- Work request
Would you reproduce exactly the lines below from the one holding "DB6381 無光圈無痕內衣(薄杯）" through the one holding "Moto Biker ile", inclusive, and no others?

*** Available data Section Begins ***

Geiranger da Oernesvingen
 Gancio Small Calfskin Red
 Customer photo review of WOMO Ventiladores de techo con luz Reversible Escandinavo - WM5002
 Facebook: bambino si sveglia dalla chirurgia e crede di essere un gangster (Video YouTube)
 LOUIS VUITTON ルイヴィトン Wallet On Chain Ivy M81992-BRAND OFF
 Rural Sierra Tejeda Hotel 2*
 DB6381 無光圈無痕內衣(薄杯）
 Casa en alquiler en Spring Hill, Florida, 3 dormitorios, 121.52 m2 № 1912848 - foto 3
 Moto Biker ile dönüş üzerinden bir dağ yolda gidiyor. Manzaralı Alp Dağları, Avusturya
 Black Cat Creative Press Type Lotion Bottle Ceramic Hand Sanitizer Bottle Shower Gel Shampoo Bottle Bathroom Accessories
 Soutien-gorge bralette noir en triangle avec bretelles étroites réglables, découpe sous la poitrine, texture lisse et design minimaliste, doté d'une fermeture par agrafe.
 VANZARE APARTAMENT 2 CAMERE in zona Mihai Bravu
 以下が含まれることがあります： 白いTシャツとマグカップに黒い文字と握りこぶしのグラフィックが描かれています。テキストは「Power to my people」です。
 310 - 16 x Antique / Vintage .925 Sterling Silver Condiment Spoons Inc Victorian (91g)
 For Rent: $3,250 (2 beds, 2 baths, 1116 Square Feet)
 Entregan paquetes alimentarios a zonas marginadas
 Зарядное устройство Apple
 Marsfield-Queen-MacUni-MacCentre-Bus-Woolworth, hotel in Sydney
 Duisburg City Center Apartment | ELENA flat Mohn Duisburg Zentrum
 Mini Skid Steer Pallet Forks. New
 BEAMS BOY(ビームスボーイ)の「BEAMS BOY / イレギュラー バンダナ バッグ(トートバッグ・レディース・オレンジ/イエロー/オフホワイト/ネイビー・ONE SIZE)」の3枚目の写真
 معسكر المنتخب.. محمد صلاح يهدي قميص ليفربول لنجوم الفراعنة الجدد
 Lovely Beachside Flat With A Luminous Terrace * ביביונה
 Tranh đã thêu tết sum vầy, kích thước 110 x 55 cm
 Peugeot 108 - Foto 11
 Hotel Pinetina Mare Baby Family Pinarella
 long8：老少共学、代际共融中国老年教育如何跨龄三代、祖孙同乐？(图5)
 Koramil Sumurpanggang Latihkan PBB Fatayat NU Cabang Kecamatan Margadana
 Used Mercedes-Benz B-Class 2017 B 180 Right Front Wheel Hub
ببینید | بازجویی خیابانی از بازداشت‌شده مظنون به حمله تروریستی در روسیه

*** Available data Section Ends ***

- Problem solution
 DB6381 無光圈無痕內衣(薄杯）
 Casa en alquiler en Spring Hill, Florida, 3 dormitorios, 121.52 m2 № 1912848 - foto 3
 Moto Biker ile dönüş üzerinden bir dağ yolda gidiyor. Manzaralı Alp Dağları, Avusturya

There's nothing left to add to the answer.